6573.2025年5月12日(月) プロ野球界が独禁法違反で公取委から警告

 先日東京都内のホテルが宿泊料金を談合で決定したとして、それはカルテルに繋がると公正取引委員会がホテル業者らに独占禁止法違反になると警告していたと新聞に出ていた。そして、去る8日公取委は都内大手ホテル15社が客室単価などの内部情報を交換し合うのは、不正に価格を引き上げるカルテルにつながり、独禁法違反にあたるとして再発防止を求める警告を出した。このニュースを最初に知った時、ホテルが他ホテルの宿泊料を知って価格を合わせることが、果たして独禁法に違反することなのか疑問に思い、ホテルマンだった友人に尋ねてみた。彼はそう受け取られかねない点もあると全面的には否定しなかった。

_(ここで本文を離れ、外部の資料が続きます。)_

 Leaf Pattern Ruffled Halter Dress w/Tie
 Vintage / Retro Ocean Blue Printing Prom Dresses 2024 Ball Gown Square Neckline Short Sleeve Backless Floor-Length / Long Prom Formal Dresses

 そして、今度は別の独禁法違反でプロ野球界が公取委に疑われている。それは、昨年の日本シリーズ中継に当たり、フジテレビが日本シリーズ中継と同時刻に大リーグのワールドシリーズ(WS)のダイジェスト版を放映したことに日本野球機構(NPB)が立腹し、フジTVから日本シリーズの取材パスを没収したことが、不公正な取引方法として独禁法違反の疑いがあると公取委が調査をしているという。ただ、公取委はそればかりではなく、取材パス没収はフジTVの取材機会を一時的に奪うだけでなく、放送各局のコンテンツ選択や番組編成の成約につながる恐れがあると考えているようだ。

 確かに大谷翔平選手が活躍したドジャースの試合、特にシーズン最終シリーズであるWSは高い視聴率が期待できると思われる。フジTVが他社の日本シリーズに対抗してWSに走ったのは理解できる。

 これまで上記2件のように当事者は公取委の介入などは考えてもいなかったと思う。SNSの活用などが拡がり、本業の発展、PRなどでも少し勉強が足りないと思われている節がある。例えば、日本野球機構は取材パス没収の理由を「日本シリーズはテレビ各局、スポンサー、12球団の協力で成り立つ。この協力態勢を危うくされる状況だった」と少々未熟な理由を述べているが、あるジャーナリストはNPBの身内意識の「身内だから仲良くやっていくのが筋という考えで、その掟が破られた時に制裁を課す」スタイルをこれまで続けてきたという。その原因に、身内意識ゆえの閉鎖性が生んだインターネットへの対応の遅れがあるという。例えば、大リーグでは動画コンテンツを充実させ、SNSに投稿して広告収入を得ているが、NPBは試合中の動画をSNSへ投稿することを禁止するなど時代に逆行するばかりで、長期的には未来の市場を逃がしていると言われている。

 改めて「スピードを意識している」日本のプロ野球界が時代に遅れていることを知ることになった。これからも広い分野で公正取引委員会が、公平に問題点を探し当て更に世の中へ開示してくれることを期待したいものである。